My feelings are a little mixed right now, as I feel so blessed, but heavy-hearted for others.  Almost guilt.  Why does Kristal have to bring in the new year in a hospital bed waiting for surgery and her infant son in a cast in another city, while she has to worry about her mom?  Why do first time new parents have to crash into confusion, worry, and sadness when their newborn baby has a stroke?  I am thankful for tonight, yet so aware of this fallen world we live in with pain and sadness.  Praying God blesses these 2 families with health and healing this New Year.

Friday, December 30, 2011

Oh, dear.

I'm reminded tonight of how much we take for granted.  Safety while we travel.  Our life as it is.  Our time with each other.  While I am so thankful my dear friend and her family are all alive, my heart hurts for her.  My heart aches for a mother who can't be with her baby.  A baby now with a broken leg.  A mother who waits for surgery and has a long road ahead to recovery.  The worry for her own mother who has not yet woken up. 

It's late and I am just piddling around.  Not feeling soul settled at all.  Everything is not all right.  Yet there is nothing I can "do".  So, my wandering brings me here.  I pray for her and for blessings of peace and comfort. 
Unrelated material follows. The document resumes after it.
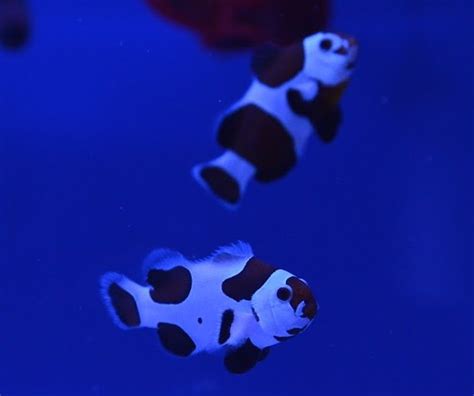 Mocha Storm Clownfish Pair Wysiwyg Tropical Reef Farm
I am reminded to treasure our moments.  Life, and life as we know it, are fragile.  I'll do what I do here, I'll treasure moments.
 
 A great jewel hunt with friends and neighbours.
 A father's help
 Cousins together.
 Aunties and babies.
Community.
 Children & their Christmas excitement!
 Boys who believe there can never be too many Legos!
 Father and son farmers who love combines.
 Family togetherness.
 Silly meat loving girl.
 Crisp air and sun on the face.
 More jewel fun.
Proud builders.

So many little memories that fill my heart full.  So many moments where I know I smiled.

Counting happy moments doesn't feel right when I think of my friend.  I hear though that she is counting her blessings.  I know her journey is rough right now, so if you pray, will you say a prayer for her?

Thursday, December 22, 2011

Solstice Light

Those are my winter solstice candles.  Not a day we've thought much of or marked other years, but we are starting new traditions here.  I wanted to know more about what it means and how people celebrate or mark this event.  Interest proded with the hearing of knitted solstice sweaters for a mother's crew.  Wow, lots of history and cultural traditions around this time.  But, I simplify.  Find what meaning or truths winter solstice brings into my life.  So I tell the kids simply it is the shortest day of the year.  Now we can celebrate as the days will start getting longer from this point.



We've taken time for the usual seasonal traditions.  We laughed about the little tree Ian came home with.  Just being cheap.  Defending his choice as if he chose special for the kids so they could reach the top.  There was excitement over which decorations were remembered from last year.  I remembered the sesame street ones we had growing up, and knowing every year they were the most special. Hmm, I wonder if Mom still has those?


We got to pet the reindeer and chose a few crafts to do at the school's reindeer festival.  We were parents encountering our first of many Christmas concerts as we have entered the school world.


It was cute, letter songs and toque hokey pokeys.  It was a great night because we got to share it with family and friends.  And we crashed a party after, and there was pie, mmm.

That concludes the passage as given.